We didn’t even know what her wishes were for managing her belongings or her desires for her funeral. 

There was no money available to pay for expenses. I had just graduated from college and had no savings and little to no residual income at the end of the month. 

Allison: I am so sorry to hear that. Do you mind sharing how that impacted you?

Chasity: Thank you. I don’t mind sharing at all. 

Her death was definitely a blow and the grief really took a toll on us. We were so overwhelmed that it was incredibly difficult to even think about how to handle her assets or plan her funeral. 

Some of my siblings were too young to have to be responsible for the details, so it was basically up to me and my brother since my mom was not married at the time. 

Allison: You mentioned she was single. So did you have to go through her belongings and deal with her home?

Chasity: Well, she had been dealing with some health issues for a while so things were not in the best order in her home. She was renting and honestly, my grief was so intense that I could not even go into her home. She had died there, and it was just too much for me. 

Basically, I was in survival mode and knew I had to arrange the funeral. That was all I could handle at that point in time. I ended up leaving everything in her home and whoever wanted to go in and take stuff could. 

brown and red house near trees

I know that sounds terrible, but when you have no idea what someone’s wishes are and the grief is so heavy, you just don’t have the mental capacity to process it all. 

Allison: That makes sense. No judgment here. The loss of a parent is devastating. 

If you could go back and ask your mom to do some things differently, what would you ask her to do?

Chasity: Wow. That is a great question. I know we are going to talk about my experience with my dad, so I will just say that I wish that she would have outlined her wishes for how to deal with her things. It would have been wonderful if she would have made her funeral arrangements in advance so that I didn’t have to think about it. If those things had been arranged and paid for, I wouldn’t have felt so helpless. 

I know that may sound a bit morbid. We weren’t expecting to lose her in her forties so we don’t fault her. But still, it does make me think about things a bit differently for my own children as someone in my late forties. I never want them to go through what I went through. 

I want my home organized. I want my funeral planned down to the smallest detail.

I know first-hand that is a very loving thing to do for my children.

Allison: Absolutely. I know your experience with your dad was completely different. And, you are right; it is very loving to take care of these things for your family members so they can focus on their grief and remember the legacy of their loved one. Thank you for sharing this personal experience with us.

Chasity: It was my pleasure.

There is so much wisdom in learning from the experiences of others.

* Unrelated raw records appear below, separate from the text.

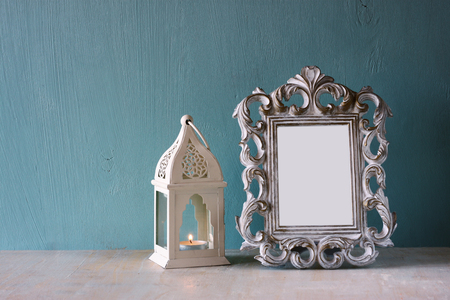 low key image of vintage antique classical frame and Lantern    on wooden table. filtered imageの写真素材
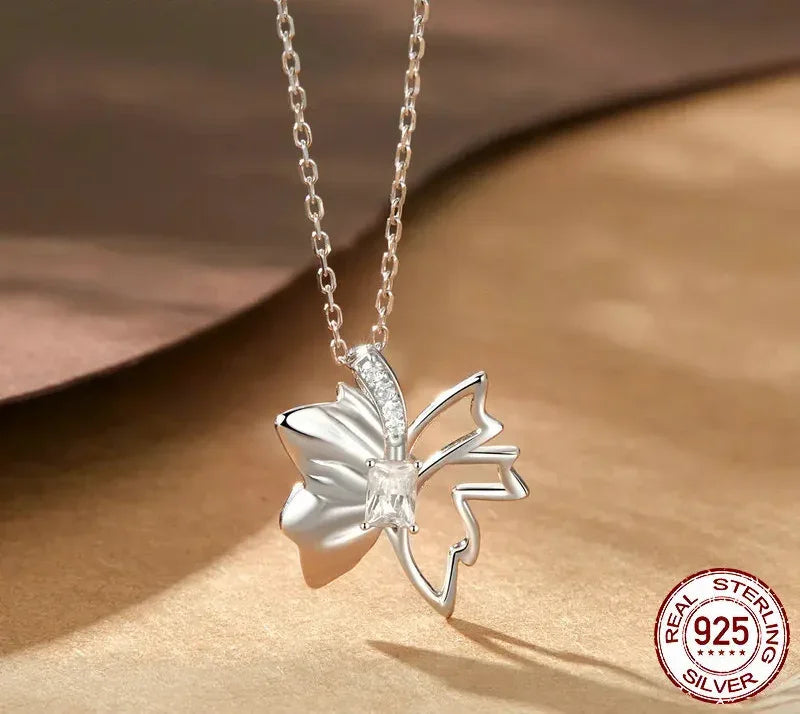 Autumn Elegance: White Gold Plated Sterling Silver Leaf Butterfly Necklace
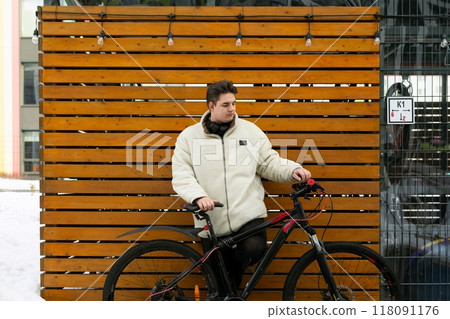 A young European man with a winter jacket took his bike outside A young European man with a winter jacket took his bike outside 118091176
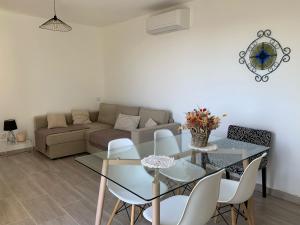 a living room with a glass table and a couch at Logement entier vue mer in Bastia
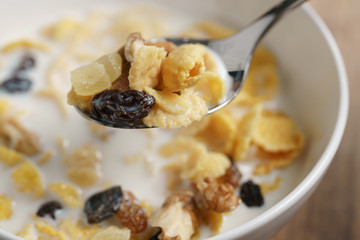 eating corn flakes with fruits and nuts in white bowl, healthy food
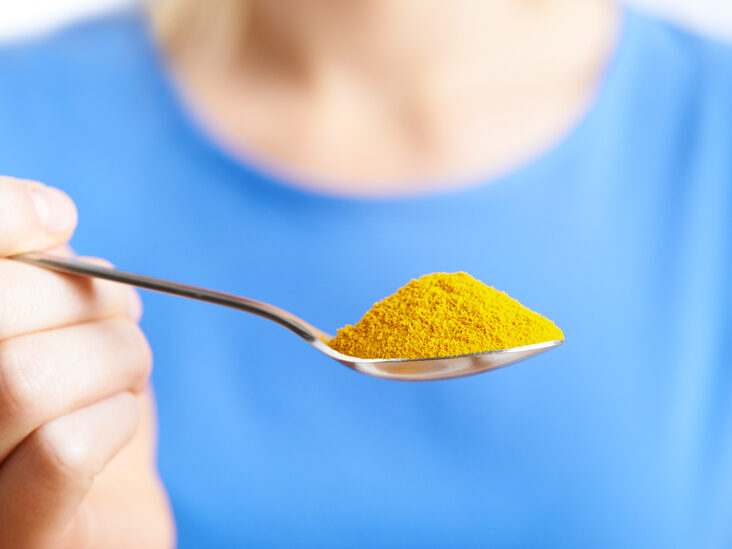 close-up-of-woman-with-spoonful-of-tumeric-powder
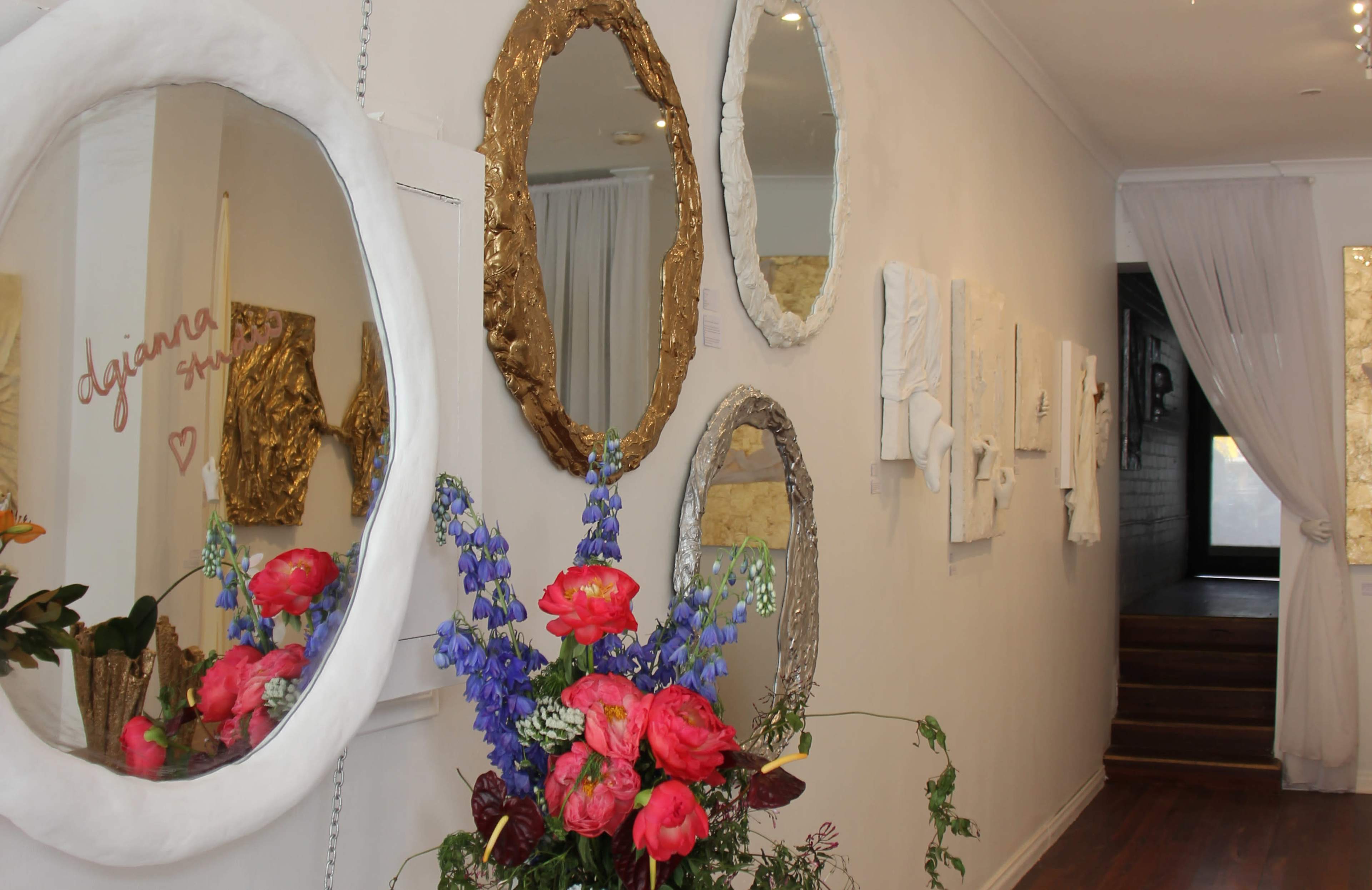 The image shows a hallway adorned with decorative mirrors and artworks, alongside a bouquet of colorful flowers placed in front of the mirrors.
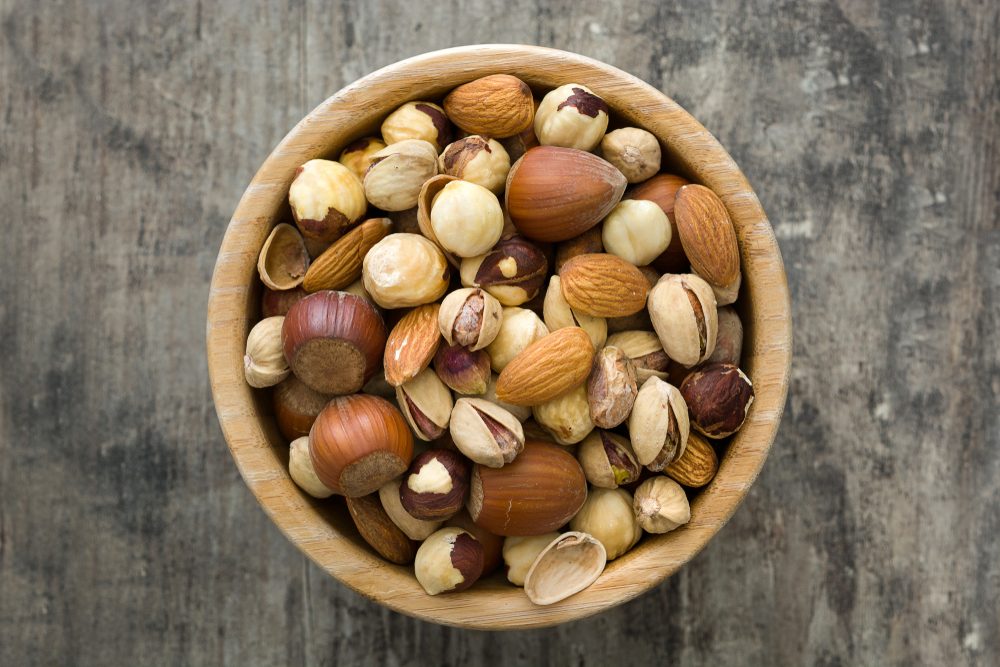 Assorted mixed nuts in bowl on wooden table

If my story can help someone else, then that means the world to me.

It brings a little bit of redemption to a difficult situation.

As I process what Chasity shared, there are some key takeaways from her experience. 

  1. It is essential and loving to make our end of life wishes ourselves and then make them known to our loved ones. 
  2. Grief will overshadow the ability to think clearly. 
  3. Anything we can declutter, organize and put in place now relieves a significant burden on our adult children and spouse. 
  4. Lack of planning, avoidance, and procrastination can compound the pain and stress of loss on your loved ones. 
  5. We never know when a crisis will hit so it is important to proactively plan now. 

Next week, I am going to share her experience with her dad. It was the complete opposite of her experience with her mom. Her dad had the hindsight of seeing what Chasity went through with the loss of her mom and did not want her to go through that again. 

His planning was nothing short of a gift. Next week Chasity will share how she was able to focus on friends, family, and the beauty of the life her dad lived instead of all of the decisions about his aging in place and end of life plans because he did not wait to take action. 

Now is the time to begin the conversations. Now is the time to plan. Now is the time to implement your wishes and organize your home and paperwork. It is the loving thing to do.

You can do hard things for the sake of the ones you love.